**Try it:** With pictures left out, set down exactly the lines from the line containing "Haus kaufen in" through the last line of the data.

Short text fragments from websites
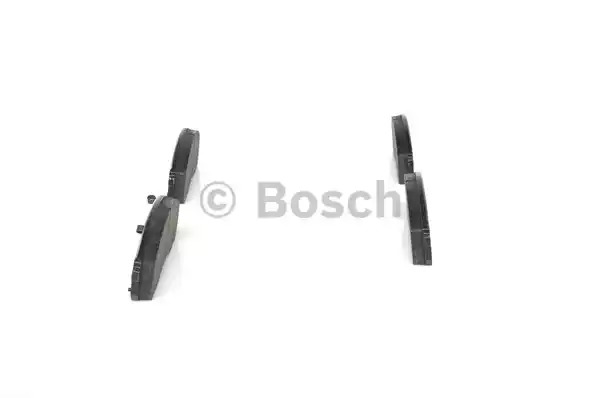 Комплект тормозных колодок BOSCH 0 986 424 714 (BP426, 23 649, 90R-010135/004)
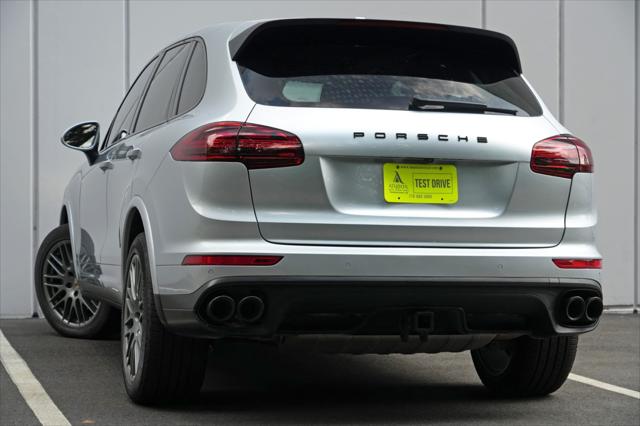 2017 Porsche Cayenne Platinum Edition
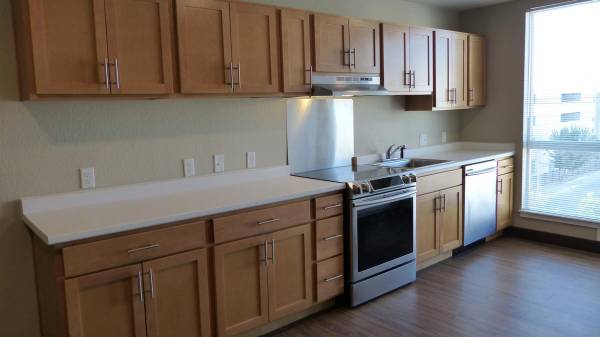 $1,576 / 1br - 580ft2 - Pets Allowed, Dog Wash & Grooming Facilities, Arts & Crafts Room (Historic Baker in Denver)63849270493953122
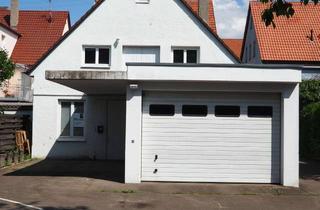 Haus kaufen in 73230 Kirchheim unter Teck, 2 Wohnungen, 4 Gewerbeeinheiten und 2 Stellplätzen zentral in Kirchheim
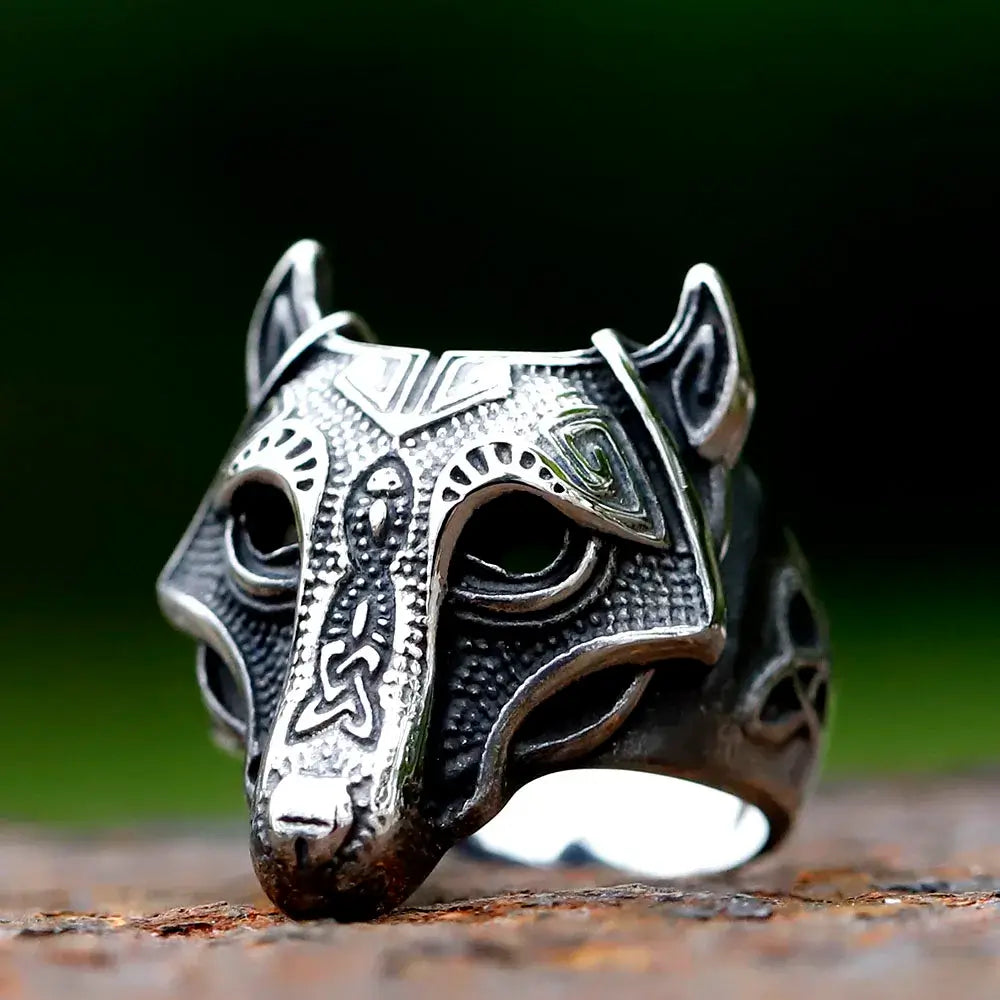 The Wolf Ring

**Solution below:**
 Haus kaufen in 73230 Kirchheim unter Teck, 2 Wohnungen, 4 Gewerbeeinheiten und 2 Stellplätzen zentral in Kirchheim
 The Wolf Ring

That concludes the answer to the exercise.